I’m a fan of most types of podcasts, and I like to try a bit of everything (plenty of space on the ‘ol iPod for variety), but I have to admit that audio podcasts will always have a special place in my heart. They remind me of a simpler time in my childhood, listening to the CBC as they had a discussion about some obscure yet inexplicably interesting curiosity. Besides, I consume most of my podcasts while walking to work nowadays, and watching video dramatically increases my chances of being smooshed by a Mack truck while crossing Talbot St.

Getting even more specific, my favorite type of audio podcast is those that focus on a narrative of some kind. These shows remind me of story time in elementary school, and I have always loved story time. Now, when it comes to stories in podcast form, nothing even compares to Escape Pod, one of the best podcasts I’ve ever stuck in my ears. Escape Pod consists of a weekly reading of a sci-fi short story, and includes in it’s enteries some of the top writers in the genre. I’ve been a faithful listener for about a year now, maybe more, and the show has yet to disappoint. Even when they tell a story that I don’t particularly like in the end, I still have a good time on the journey. The show has introduced me to some truly great writers and some even greater stories as well.

All this leads me to this story on io9.com (a comprehensive, if sometimes snarky, sci-fi blog). Despite my extreme nerdy-ness, I’m still pretty new to the world of modern sci-fi writing, so the list of Hugo winners in this article was full of unfamiliar names and titles. That is, until I came across the Best Short Story category. “Tideline” by Elizabeth Bear was a story most familiar to me as a remarkable episode of Escape Pod from a few months ago. I really enjoyed it at the time and can say now with a good deal of certainty that it indeed deserves to win the Hugo. I guess it’s all thanks to podcasting that I can now have a nearly completely uninformed opinion about a prestigious literary award.

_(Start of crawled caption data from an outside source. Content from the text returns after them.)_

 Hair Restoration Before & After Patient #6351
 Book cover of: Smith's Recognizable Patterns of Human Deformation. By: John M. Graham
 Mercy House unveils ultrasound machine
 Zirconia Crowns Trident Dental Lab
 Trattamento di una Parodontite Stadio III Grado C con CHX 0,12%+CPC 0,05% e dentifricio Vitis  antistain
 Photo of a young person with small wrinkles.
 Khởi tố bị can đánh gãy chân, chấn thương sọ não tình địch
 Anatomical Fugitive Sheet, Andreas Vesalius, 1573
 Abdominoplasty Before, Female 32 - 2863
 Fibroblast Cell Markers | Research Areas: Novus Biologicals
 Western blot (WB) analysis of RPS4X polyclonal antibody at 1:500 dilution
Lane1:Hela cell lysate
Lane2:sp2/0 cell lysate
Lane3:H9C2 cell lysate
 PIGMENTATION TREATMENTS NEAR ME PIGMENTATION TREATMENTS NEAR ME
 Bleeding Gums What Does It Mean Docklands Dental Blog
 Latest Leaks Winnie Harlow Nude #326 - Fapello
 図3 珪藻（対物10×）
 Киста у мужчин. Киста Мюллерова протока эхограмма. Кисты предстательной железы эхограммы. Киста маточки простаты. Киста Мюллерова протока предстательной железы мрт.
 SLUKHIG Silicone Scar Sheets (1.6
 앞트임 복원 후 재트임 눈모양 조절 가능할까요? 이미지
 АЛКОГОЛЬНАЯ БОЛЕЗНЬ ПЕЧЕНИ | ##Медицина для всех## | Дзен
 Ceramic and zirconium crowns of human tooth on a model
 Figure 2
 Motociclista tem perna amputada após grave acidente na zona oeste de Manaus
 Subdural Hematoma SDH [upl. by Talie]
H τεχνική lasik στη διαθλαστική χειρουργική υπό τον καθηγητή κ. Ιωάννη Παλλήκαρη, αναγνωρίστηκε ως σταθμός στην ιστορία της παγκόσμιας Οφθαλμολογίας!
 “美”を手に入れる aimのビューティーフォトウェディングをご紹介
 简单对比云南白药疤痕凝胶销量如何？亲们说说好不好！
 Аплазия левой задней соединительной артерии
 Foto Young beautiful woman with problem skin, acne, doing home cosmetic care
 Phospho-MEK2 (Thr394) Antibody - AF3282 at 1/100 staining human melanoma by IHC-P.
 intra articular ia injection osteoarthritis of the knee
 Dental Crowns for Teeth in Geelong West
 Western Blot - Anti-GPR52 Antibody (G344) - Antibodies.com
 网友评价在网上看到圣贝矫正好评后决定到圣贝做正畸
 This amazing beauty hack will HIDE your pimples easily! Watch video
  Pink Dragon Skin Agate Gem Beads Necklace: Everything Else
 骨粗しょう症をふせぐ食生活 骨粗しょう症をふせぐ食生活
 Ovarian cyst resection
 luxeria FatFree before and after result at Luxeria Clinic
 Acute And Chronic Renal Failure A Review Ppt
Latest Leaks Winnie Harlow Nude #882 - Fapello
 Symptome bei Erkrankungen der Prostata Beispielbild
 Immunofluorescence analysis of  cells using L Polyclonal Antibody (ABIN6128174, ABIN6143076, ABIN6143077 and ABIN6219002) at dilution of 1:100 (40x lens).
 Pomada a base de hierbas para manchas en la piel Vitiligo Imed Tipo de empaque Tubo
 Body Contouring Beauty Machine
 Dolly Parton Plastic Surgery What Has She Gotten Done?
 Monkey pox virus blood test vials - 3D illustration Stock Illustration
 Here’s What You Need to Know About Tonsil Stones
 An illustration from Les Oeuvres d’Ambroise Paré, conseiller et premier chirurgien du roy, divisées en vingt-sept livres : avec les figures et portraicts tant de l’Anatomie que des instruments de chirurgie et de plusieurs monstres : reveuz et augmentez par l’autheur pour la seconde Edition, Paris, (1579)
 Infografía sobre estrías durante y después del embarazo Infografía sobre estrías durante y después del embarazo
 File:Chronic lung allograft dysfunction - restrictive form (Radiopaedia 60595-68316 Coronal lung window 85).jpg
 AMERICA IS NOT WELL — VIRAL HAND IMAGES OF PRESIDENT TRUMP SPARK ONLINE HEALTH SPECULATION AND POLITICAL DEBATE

So please, if you enjoy podcasts or sci-fi, please give Escape Pod a try. I highly recommend “Tideline” as a fine place to start, but you really can’t go wrong with almost any episode in their archives. And if you don’t like what you hear one week, next week will be an entirely new story to explore.

1 comment so far

  1. River on

    Hi there,

    From a Christian Mystic in Nashville to a Secular Humanist in London –

    Love your blog and words like thunk and smooshed which as a writer I find to be valuable adjectives and verbs. Thanks for the plug for escape pod. I’m also a scifi enthusiast and would enjoy a little weekly audio diversion.